(Information provided Opens)

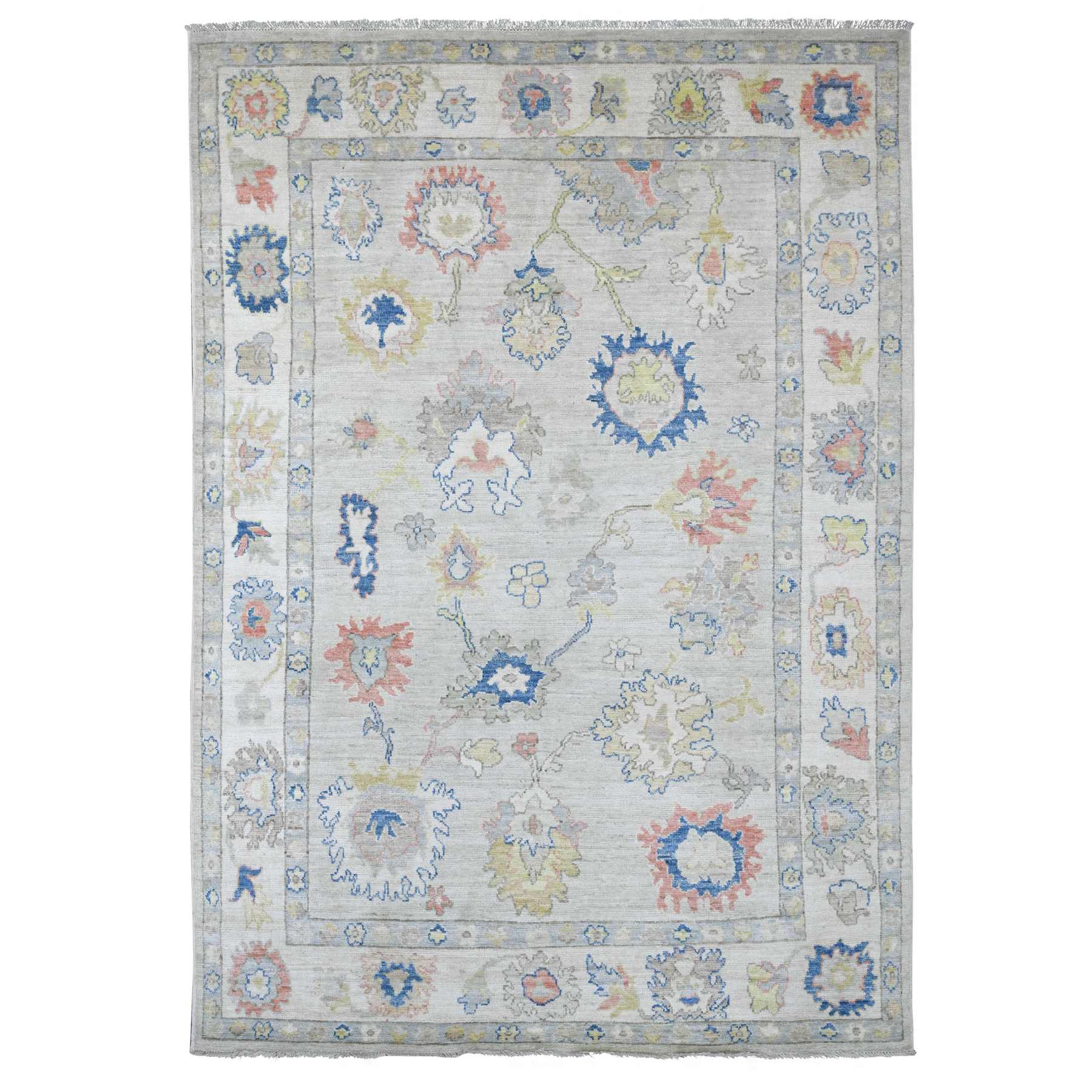 Oushak-And-Peshawar-Hand-Knotted-Rug-114405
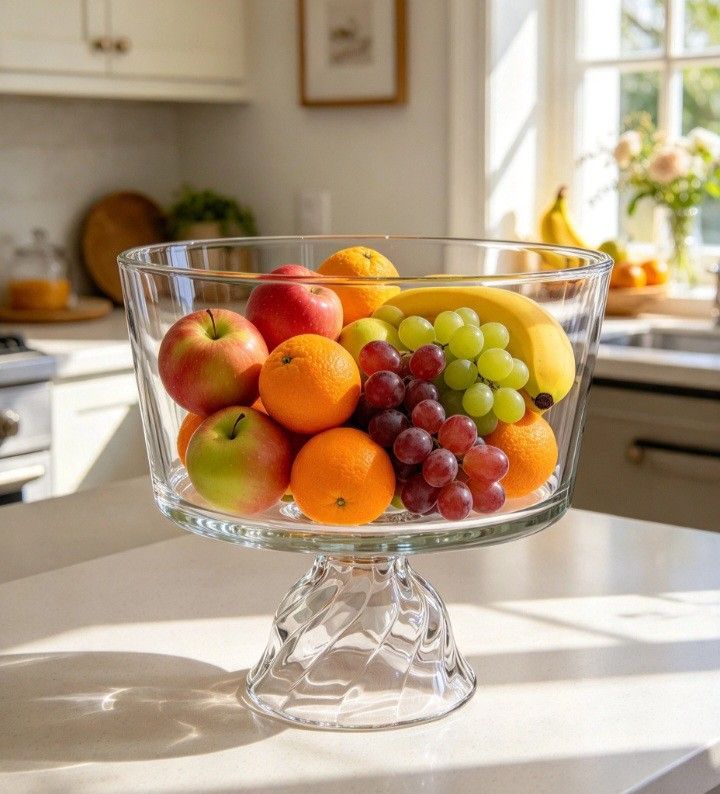 🍨 Heavy Thick Clear Glass Pedestal Bowl — Elegant & Solid! (Category: Other Kitchenware & Tableware) located in Quezon City. Submitted by wjmae (Listing ID 1460547728, Image 3). Description: ✨ Premium Quality — Thick, Weighty, Crystal-Clear Glass! ✨ 📋 Item Details - Material: Thick, heavy, high-quality clear glass — solid & substantial, feels premium & durable ​ - Design: Straight-sided bowl on a twist/swirl pedestal base — classic, elegant, ti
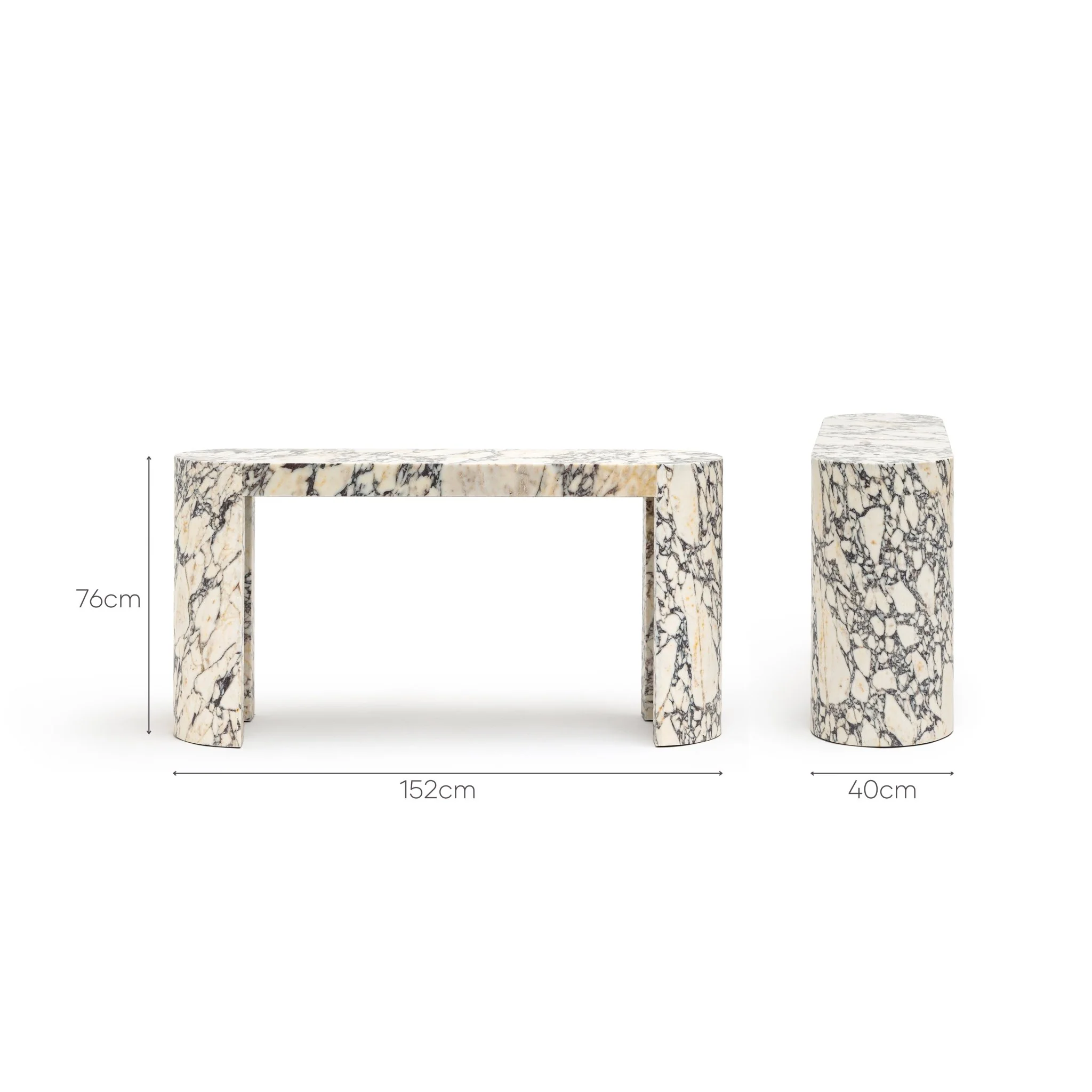 Arno Console Table - Calacatta Viola - Image 14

(Information provided Closes)

• [Required action] What you give back should be the full material above, retyped exactly, with every image removed.

• [Reply]
 Oushak-And-Peshawar-Hand-Knotted-Rug-114405
 🍨 Heavy Thick Clear Glass Pedestal Bowl — Elegant & Solid! (Category: Other Kitchenware & Tableware) located in Quezon City. Submitted by wjmae (Listing ID 1460547728, Image 3). Description: ✨ Premium Quality — Thick, Weighty, Crystal-Clear Glass! ✨ 📋 Item Details - Material: Thick, heavy, high-quality clear glass — solid & substantial, feels premium & durable ​ - Design: Straight-sided bowl on a twist/swirl pedestal base — classic, elegant, ti
 Arno Console Table - Calacatta Viola - Image 14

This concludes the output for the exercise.